StarCluster is a toolkit for launching, controlling, and orchestrating clusters of virtual servers within the Amazon Elastic Compute Cloud (EC2) service. The target audience for the StarCluster toolkit is scientists and researchers with a need for cluster computing power. That need may be for parallel computing, data processing tasks in batch jobs, running many iterations of a simulation model, or training and educational purposes.

The toolkit is presented as an easy-to-use command-line tool. Written in the Python language, it utilizes the boto API, an interface to Amazon Web Services (AWS), of which EC2 is a subset. StarCluster supports a variety of different machine image types, including DEB-based and RPM-based Linux images. In this article, I show how to set up a cloud-based HPC cluster using the StarCluster toolkit and build a custom OS image. You can use the Amazon Web Services Free Usage tier to get started and to complete the examples shown in this article.

Why use the cloud for HPC? Most of the default arguments for using cloud computing apply. Cloud computing is the next level of abstraction, allowing for the programmable out-sourcing of the data center. What would traditionally be a locally managed room, full of physical hardware with a three- to five-year life cycle, situated within a managed facility that provides electricity and cooling, is now available through a programmable API. This allows systems administrators and programmers to focus on what they do best, empowering the researchers by providing customized and tweaked user environments. No more receiving freight deliveries and doing heavy lifting. No more chasing amber lights on failed hard drives. No more calling in maintenance crews for electrical and cooling issues. All of these logistical complications disappear with the added layer of abstraction provided by a cloud computing service. (See the box titled “Why the Cloud?”)

Introducing StarCluster

StarCluster is a project from the Massachusetts Institute of Technology (MIT), written by the Software Tools for Academics and Researchers (STAR) team. The toolkit is open source and freely available for download. The latest development version is in revision control at GitHub.

A prerequisite to using StarCluster is having an Amazon AWS account. If you don’t have one, go ahead and sign up for the AWS Free Usage tier. Note that AWS is an hourly-based service, and a bill will be incurred for any usage. The example in this article should only be charged a few cents for the use of a small amount of Elastic Block Store (EBS) disk storage. Once you have secured an account, open a terminal on your local Linux system to get started. I am currently using Fedora 17 as my local system, but these steps should work on all recent Linux distributions the same way.

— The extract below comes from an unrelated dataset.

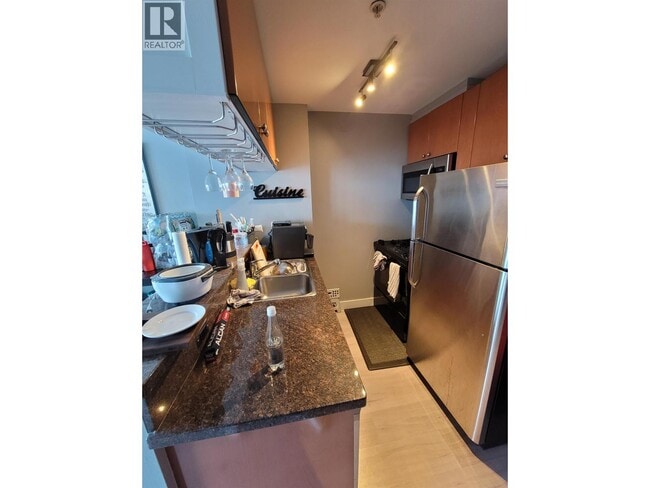 Building Photo - 928 Richards St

To begin, you will want to create a project directory called starcluster. Then, you can use virtualenv with pip to install automatically the needed Python packages, including StarCluster, into a self-contained environment and subdirectory named cloudhpc (see Listing 1; download code at the Linux Magazine FTP site).

Listing 1: Installing the StarCluster

$ mkdir ~/starcluster ; cd ~/starcluster
$ curl -O https://raw.github.com/pypa/virtualenv/master/virtualenv.py
$ python virtualenv.py cloudhpc
New python executable in cloudhpc/bin/python
Installing setuptools............................done.
Installing pip.....................done.
$ . cloudhpc/bin/activate
$ pip install starcluster
Downloading/unpacking starcluster
...
Successfully installed starcluster ssh boto workerpool Jinja2 decorator pyasn1 pycrypto
Cleaning up...

The first time you run StarCluster, the program will throw an error without a configuration, but it will prompt you to ask about creating one. Select option 2 to create a default config file (Listing 2).

Listing 2: Creating a Configuration

$ starcluster help
StarCluster - (http://web.mit.edu/starcluster) (v. 0.93.3)
Software Tools for Academics and Researchers (STAR)
Please submit bug reports to starcluster@mit.edu

!!! ERROR - config file ~/.starcluster/config does not exist

Options:
--------
[1] Show the StarCluster config template
[2] Write config template to ~/.starcluster/config
[q] Quit

Please enter your selection: 2

>>> Config template written to ~/.starcluster/config
>>> Please customize the config template

Next, edit the config file, setting preferred values. Make sure to substitute your credentials. Here, the config will be for micro instances of 64-bit Scientific Linux 6. Use the text editor of your choice to add the lines in Listing 3 to your ~/.starcluster/config file.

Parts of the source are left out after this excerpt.